Julie Meetal paints imaginatively, creating a dream-like nexus of figures, symbols, and saturated color. The paintings begin with canvases that tell of her father’s life during the Holocaust in forced labor and as a partisan fighter. The painting of her mother depicts her family’s experience in Auschwitz, where both of her parents were killed. In a number of paintings, Meetal works in watercolor, almost abstractly, to conjure up those who perished as phantom-like figures. Meetal’s Memorial Wall, combines recreations of grave stones from Jewish cemeteries that the Nazis ordered Jewish forced labor to use for paving roads in Poland. The sculpture is a reproduction of a proposed monument for Treblinka, the Nazi extermination camp, where the original stones are preserved.
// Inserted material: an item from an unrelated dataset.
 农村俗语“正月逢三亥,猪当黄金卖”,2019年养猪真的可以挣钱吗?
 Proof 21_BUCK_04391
Veronique Jonas paints with a heightened realism to depict the buildings of the Jewish quarter of Rhodes, both as they appear today as preserved architecture and the ruins of homes, and as it is imagined by the artist. The paintings tell of the loss of nearly the entire Jewish community at the hands of the Nazis, who occupied Rhodes in 1944. Jonas’s parents, who emigrated from the island prior to the war, left an extended family, including twelve of Jonas’s aunts and uncles, who were killed. In Jonas’s paintings, the streets are largely empty of the former Jewish populace, but the city is haunted by photographic images of those who died. The artist shows the text of the Kaddish, the Jewish prayer for the dead, emerging from the walls of buildings. A number of Jonas’s paintings are pervaded by a feeling of life and hope, symbolized by blooming flowers and a bright blue sky.
Julie Meetal and Veronique Jonas, who both live in the Dallas, Texas area, created the work in this exhibition independently. In 2005 when they were both participating in an exhibition in Israel, they found each other engaged in the same mission, and joined together to create the exhibition, The Color of Memory: Art by Two Daughters of the Holocaust.
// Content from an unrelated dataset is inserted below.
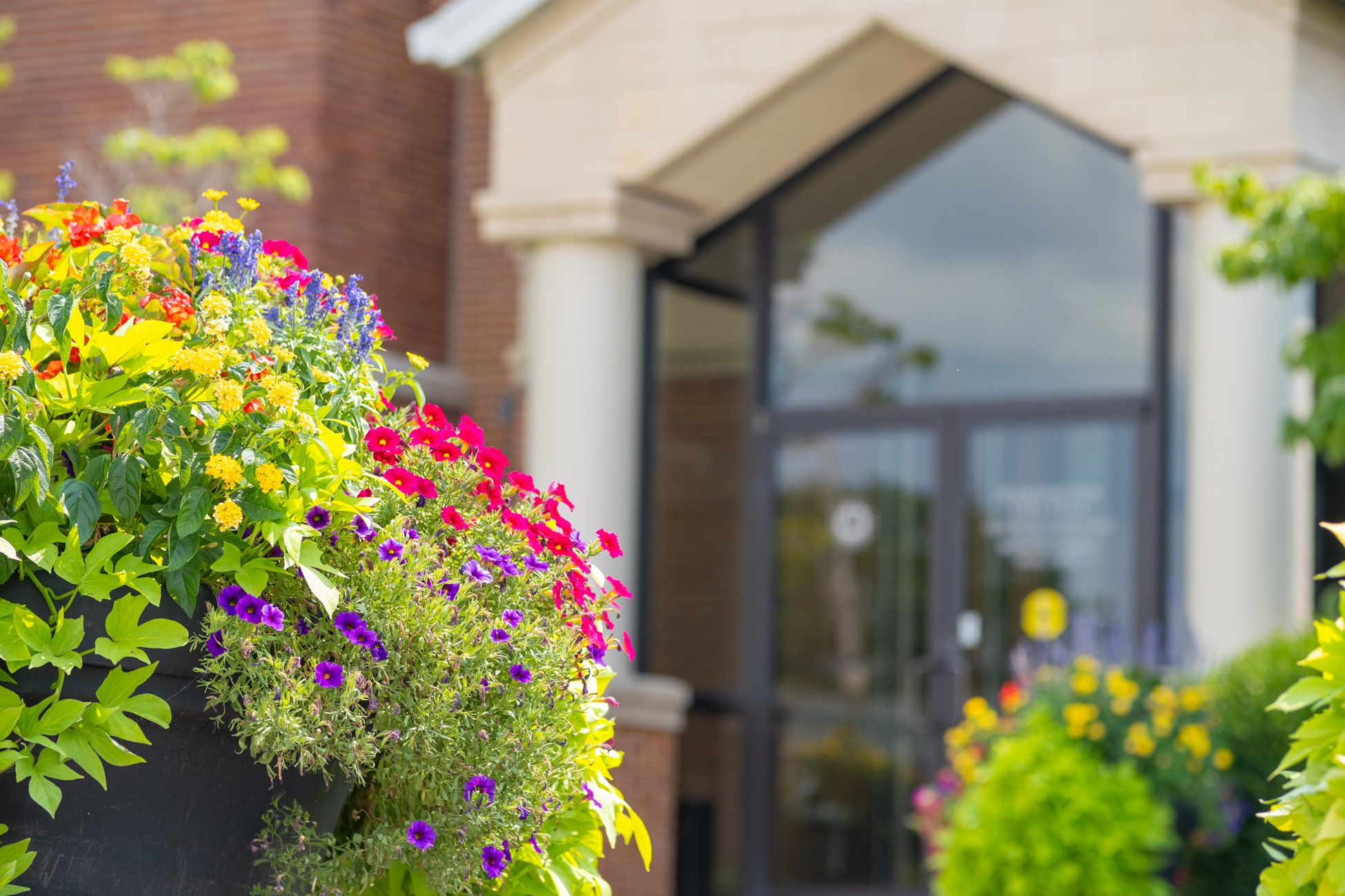 Flowers City Hall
Julie Meetal was born in 1953 in Israel to parents who had emigrated from Hungary. The family moved to the U.S. in 1964. Meetal studied at the Fashion Institute of Technology in New York, graduating in 1974, and worked in fashion design, while developing her painting. She has shown her work extensively, with solo exhibitions at Texas Christian University, Agora Gallery, New York, and the Dallas Center for Holocaust Studies. She lives and works in Mansfield, TX.
Veronique Jonas was born in 1952 in the Belgian Congo, her parents having emigrated from the Greek island of Rhodes. The family relocated to South Africa, where Jonas went to college. She moved to the U.S. in 1982. For the past 18 years, Jonas who lives in Dallas, has taught art, while pursuing her painting and designing ketubahs, Jewish marriage contracts. She has shown her work widely including a solo exhibition at Art in Encounter, Dallas, the Canton Museum of Art, and the International Yitzhak Exhibition, Akko, Israel.